John Carreyrou of the Wall Street Journal has written a series of revealing investigative articles about Theranos in the last several months. I have also provided coverage of the company dating back about a year because it initially seemed to be offering technology that would disrupt the clinical lab industry. However, many of the company claims now seem to be unjustified (see, for example: Theranos Business Model Begins to Unravel; Much Negative Press Follows; Questions Continue about Theranos; Company Intends to Publish Rebuttal; Holmes May Have Exaggerated Data about Theranos Business Relationships; Why Is This Unicorn, Theranos, Different from All Other Unicorns?; Theranos's Tripartite Business Model: Impractical or Impossible?). The latest piece by him and colleagues revealed a very interesting new point about the company relating to its outsourcing policy (see: Deficiencies Found at Theranos Lab). Below is an excerpt from it:
Theranos has told Walgreens it is outsourcing only “highly complex” tests collected at its stores to outside labs, including the University of California, San Francisco and ARUP Laboratories, which is affiliated with the University of Utah, a person familiar with the matter said. Walgreens was told that Theranos tested “moderately complex” patient samples at its own labs, this person said....Since mid-November, Theranos has sent more than 1,200 test orders to UCSF, according to lab records....Tests done on behalf of Theranos by UCSF include some of the most common blood tests ordered during routine doctor visits, such as blood counts and screening for prostate-specific antigen, or PSA, the same lab records show. UCSF charges Theranos more than $300 for a comprehensive metabolic panel, said a person familiar with the matter. Theranos’s website shows that patients who get the same test at one of the company’s blood-draw sites pay just $7.19. A comparison of all the tests done by UCSF for Theranos shows that the company appears to be incurring losses on many of those tests.

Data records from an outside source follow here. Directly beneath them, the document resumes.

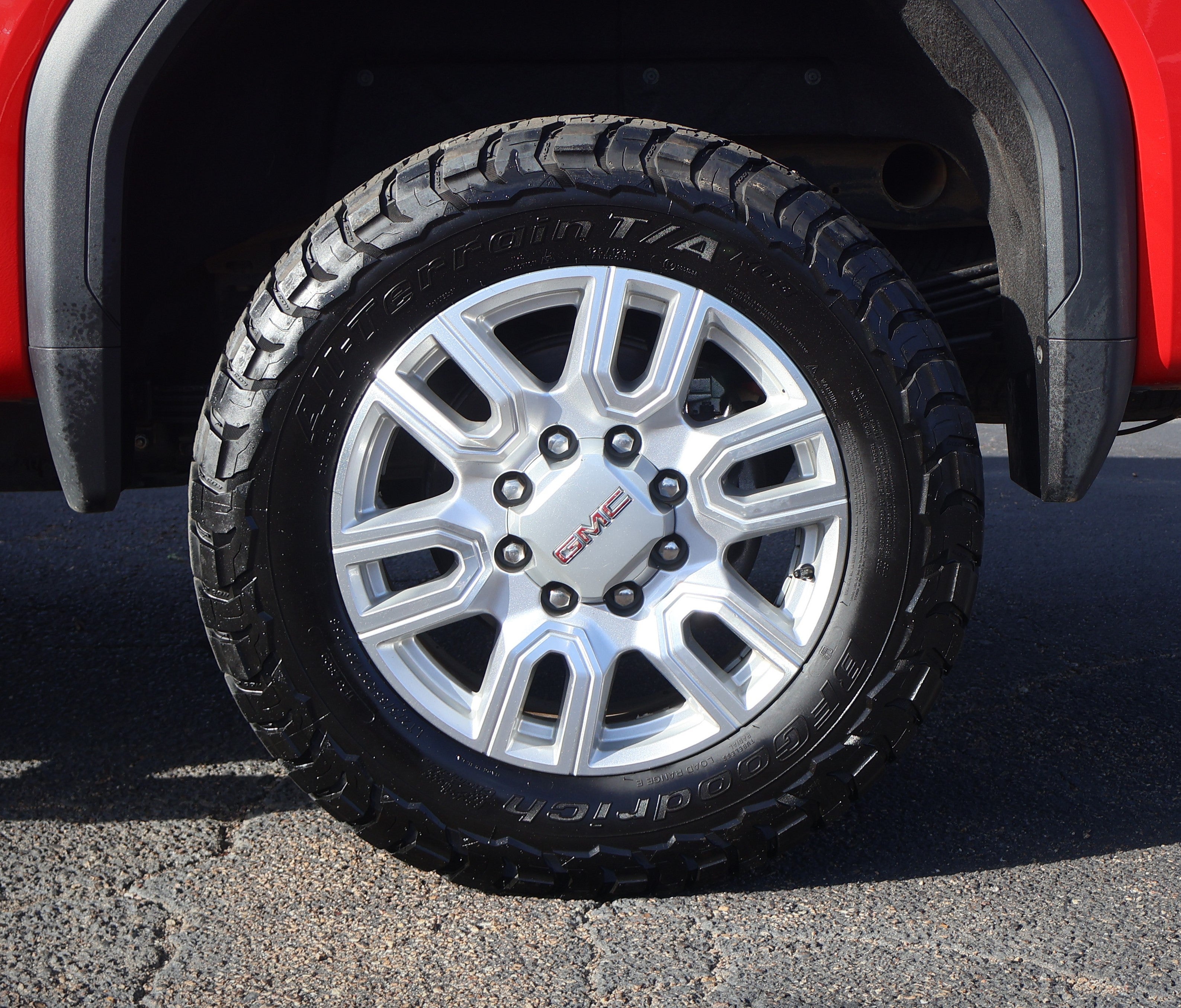 2021 GMC Sierra 2500 HD SLT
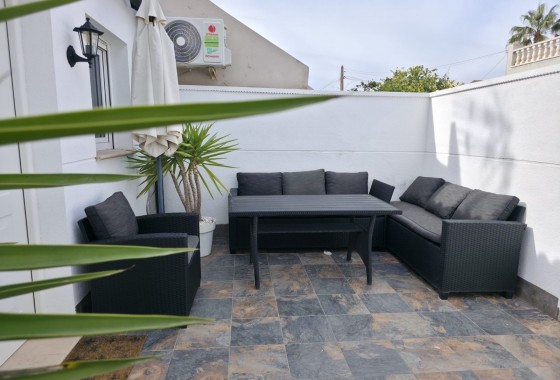 Revente - Maison mitoyenne - La Torreta - Torrevieja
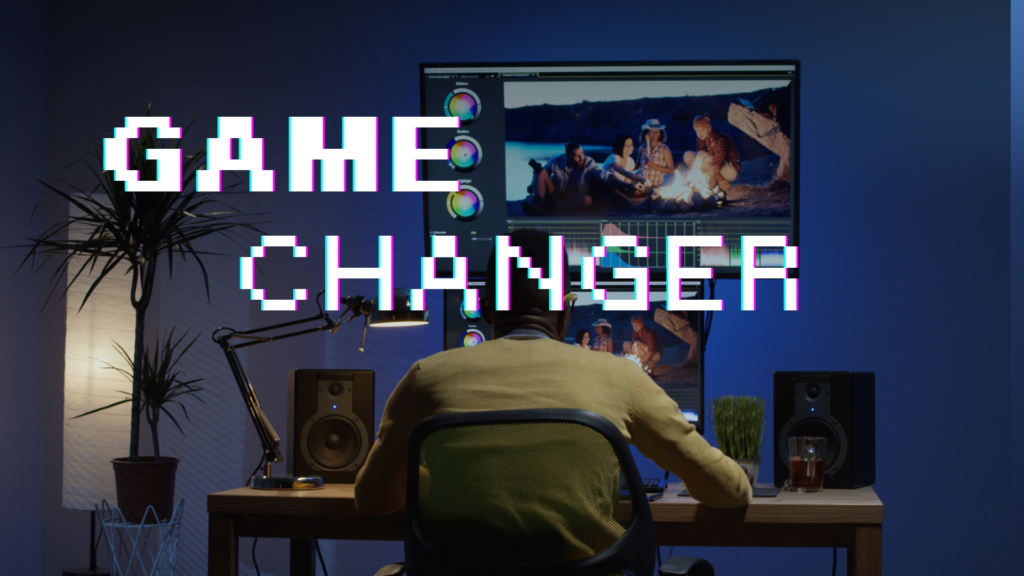ame-Changer for Online Businesses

One important point that needs to be emphasized here is that Theranos has backed off on the use of its proprietary "Edison" analyzer for testing micro-aliquots of blood and currently is using almost totally industry standard analyzers from major vendors. It's also important to note that the company, from the start, has priced its tests aggressively low. I assume that this was based on the assumption that they could multiplex tests with their Edison device and thus perhaps have a lower cost per test. This strategy seems to have backfired in that the Edison device is only now being used for a single test.
Most medium to large sized clinical labs perform the majority of the tests that they offer in-house and only "send out" or outsource the most esoteric of them. This decision is based on whether it's cheaper to perform tests in-house than to send them to another lab. It would be almost inconceivable that such labs would send out, say, a "comprehensive metabolic panel" which is the name for a standard set of tests that are routinely performed in most labs using standard analyzers. The only conclusion that could be drawn from this information is that Theranos was in such a disarray that it was not able to perform even basic lab tests on its equipment. As noted in the excerpt above, this send-out decision also caused the lab to take a substantial loss on each of these tests.